A new Contracts for Difference (CfD) round is due to be launched this month. It will the fourth such round with the first one being finalised in 2015 and the most recent in October 2019. In the CfD scheme renewable energy projects bid for contracts in which they will provide a certain amount of power by a certain date at a guaranteed price, known as the strike price: if they sell the power at a higher price they must pay the difference to the government, but if it is sold for a lower price the government will pay the difference.

Round 3 was heavily weighted towards offshore wind, which in terms of capacity was granted contracts for 5.5GW of power. A further 0.3GW was allocated to Remote Island Wind projects and 0.03GW to Advanced Conversion Technologies (techniques like pyrolysis that extract energy from biomass).

Round 4 is being offered to a much wider range of technologies. Unlike in Rounds 2 and 3 there is now a category for Established Technologies such as solar, hydro and onshore wind among others. However, there is a cap of 5GW on how much can be allocated to this category, with a further cap of 3.5GW for the three technologies mentioned. These projects must also offer 5MW or more, meaning that they are aimed at generation for the grid.

The other categories are Offshore Wind (fixed bottom) and Less Established Technologies, which to the surprise of many sees the re-appearance of tidal stream and wave, as well as geothermal, remote island wind and various biomass techniques. However tidal range projects are not included: these are projects such as the Swansea lagoon that depend on the change of water level between high tide and low tide, rather than the velocity of water movement used in tidal stream.

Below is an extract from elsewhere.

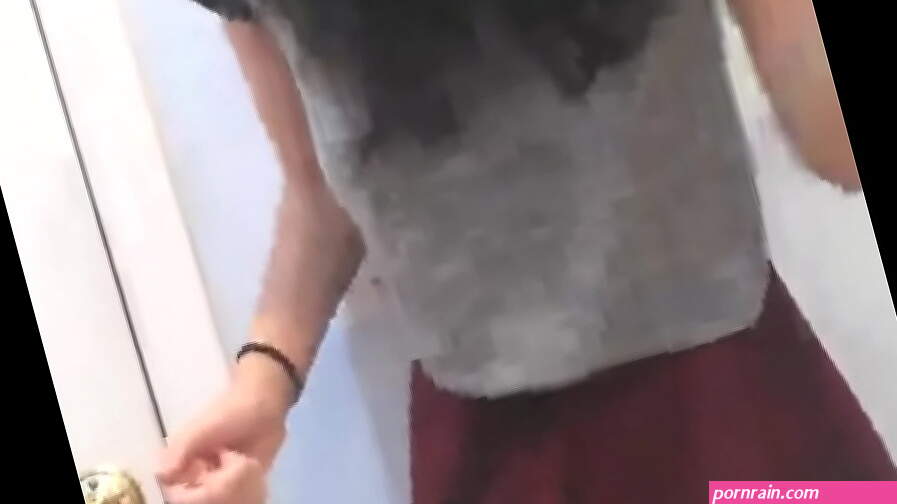 Novinha peitos durinhos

Floating Offshore Wind is also included in the Less Established category. The importance attached to this and other technologies can be judged by the amount the government expects to have to pay out for each category. Fixed bottom Offshore Wind receives by far the highest budget at £200million whereas Established Technologies are expected to cost a modest £10m. Less Established Technologies are budgeted at £55m but £24m of this is ring-fenced for Floating Offshore Wind.

The actual cost may be very different. In Round 3 the winning bids had strike prices for offshore wind around £40 per MWh, nearly half the “administrative price” projected by the government, thus allowing it to claim success for the bidding system. It must be remembered that these prices are in 2012 pounds while the delivery dates are in 2023 at the earliest, so it is too early to judge the actual cost.

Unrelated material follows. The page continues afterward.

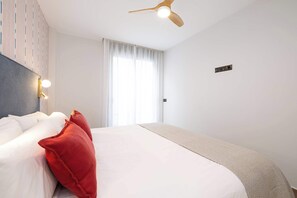 Bügeleisen/Bügelbrett, Reisekinderbett, WLAN, Bettwäsche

But there are some early signs.  In September the Low Carbon Contracts Company (the agency that administers the contracts) for the first time paid back money to the energy suppliers. The high wholesale price of electricity meant that energy generators such as the wind farm operators with contracts from Round 1 were being paid by suppliers more for their electricity than their contracts. When this happens, the generators pay the difference to the LCCC. If at the end of a quarter the LCCC has received a net amount that is more than that which it estimates will be needed in reserve, the difference is returned to suppliers.

This will have helped to reduce the pain on consumers, but it must be remembered that the Round 1 auction was competed in February 2015 with strike prices for all except solar PV that ranged from £79 to £120 per MWh[1]. We will only begin to see whether lower strike prices are realistic when the Round 2 winners start delivering electricity. The first such offshore wind farm, Triton Knoll, should come on stream in 2022 at a strike price of £74.75. Round 3 winners will not start delivering before 2023/24.